▶ [DIRECTIONS]
Write out the data exactly as given, dropping every picture.

▶ [DATA BELOW]

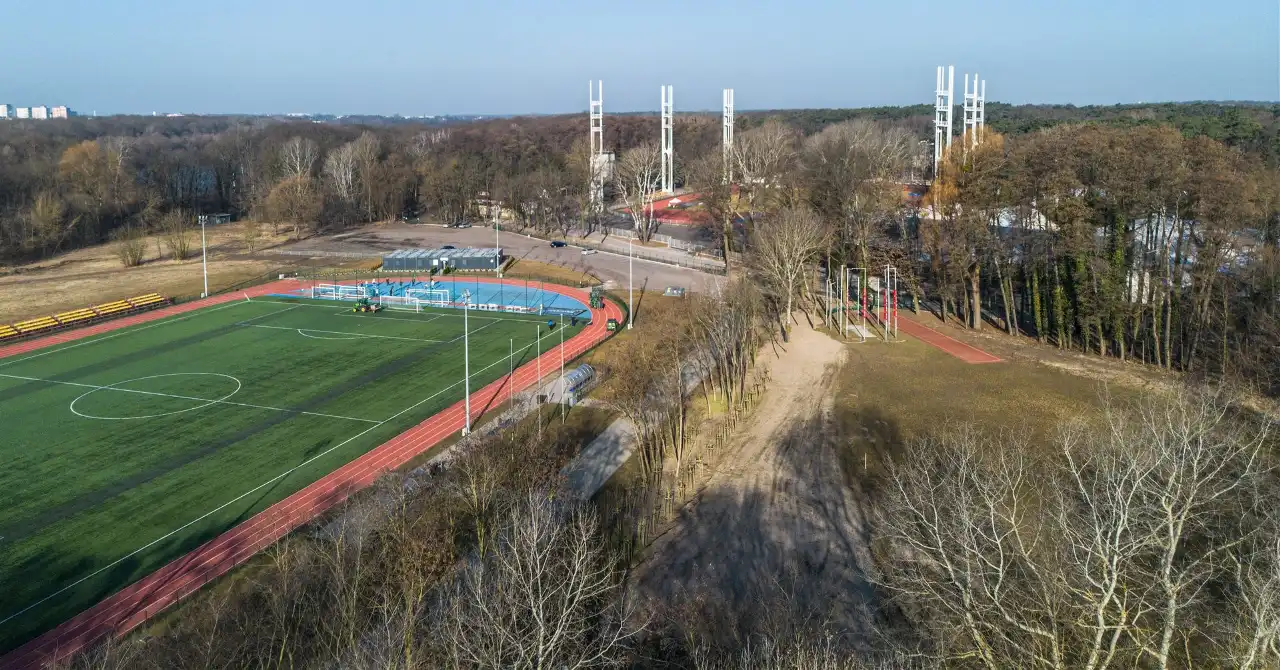 Widok z lotu ptaka na teren sportowy Golęcina w Poznaniu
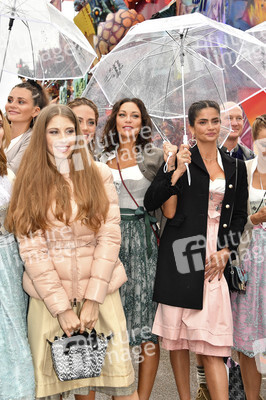 Cathy Hummels Wiesn-Bummel auf dem Oktoberfest 2019 im München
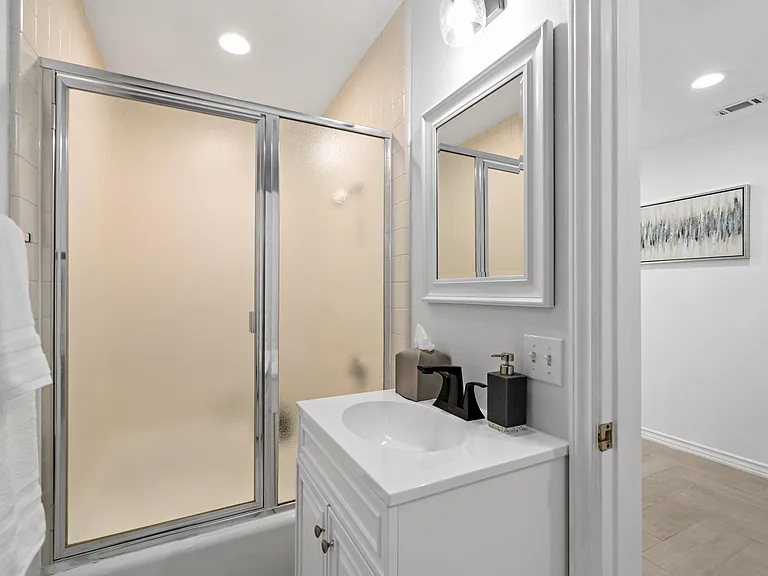 3972 Humboldt Dr — Photo 26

▶ [EXERCISE OUTPUT]
 Widok z lotu ptaka na teren sportowy Golęcina w Poznaniu
 Cathy Hummels Wiesn-Bummel auf dem Oktoberfest 2019 im München
 3972 Humboldt Dr — Photo 26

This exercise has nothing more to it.